The report that Toyota Motor Corp. surpassed No. 1 General Motors Corp. in worldwide sales in the first quarter shouldn't be viewed as evidence of U.S. industrial decline.
Automaking in the United States might never have been stronger. That's not to say General Motors Corp., Ford Motor Co. and DaimlerChrysler AG's Chrysler Corp. aren't struggling, and they won't soon, if ever, dominate the industry as they once did.
For long-term owners of the stocks and bonds of the U.S. automakers, not to mention for their workers and for their communities, the relative loss of dominance has been immense.
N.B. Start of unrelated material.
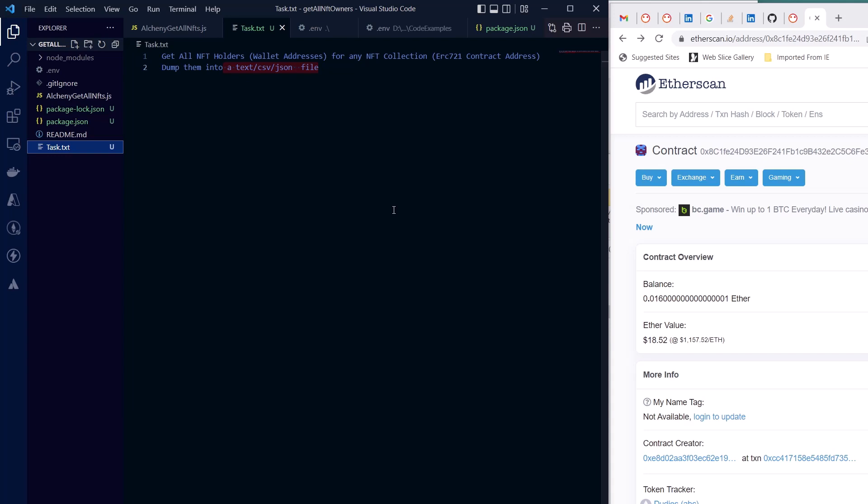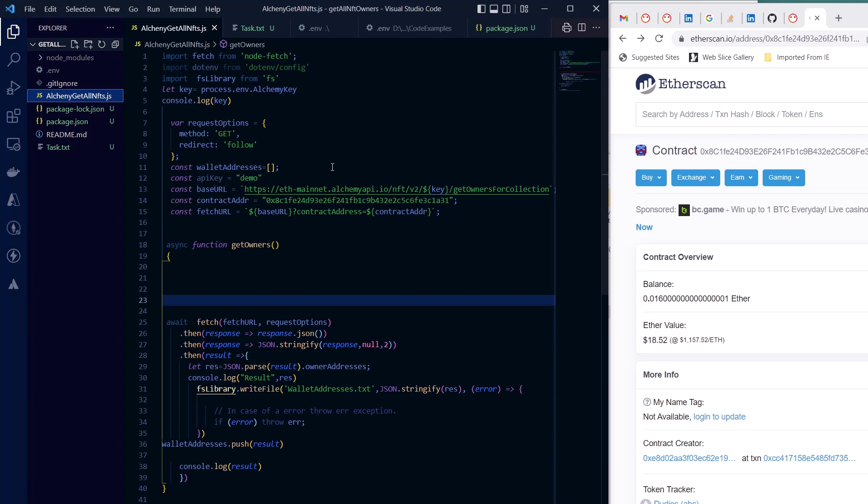For this task I am using Alchemy's API for getting all the NFT holders of a particular NFT collection. There are other providers that also provide the same kind of functionality, but Alchemy's API is great in the sense that it does not have any limit because you can have literally any number of wallet addresses that own, depending upon the maximum supply of the NFT collection.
Detroit and Michigan are ground zero in terms of fallout from the decline of the U.S. automakers. The tax base is decreasing, municipal deficits are soaring and the United Auto Workers union is looking terminally ill.
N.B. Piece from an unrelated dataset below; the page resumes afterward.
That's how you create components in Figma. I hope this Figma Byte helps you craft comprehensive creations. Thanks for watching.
But for the U.S. economy, the rise of non-U.S. automakers -- especially the new No. 1 -- has been, on balance, a positive. From 1986 to 2006, vehicle production in the United States beyond the Big Three domestic companies grew to 3.37 million from 426,000, while imports by those automakers to the United States have fallen to 2.55 million from 3.47 million, according to the Association of International Automobile Manufacturers, a trade group. U.S. production by Detroit makers shrank by 3.7 million in the same period.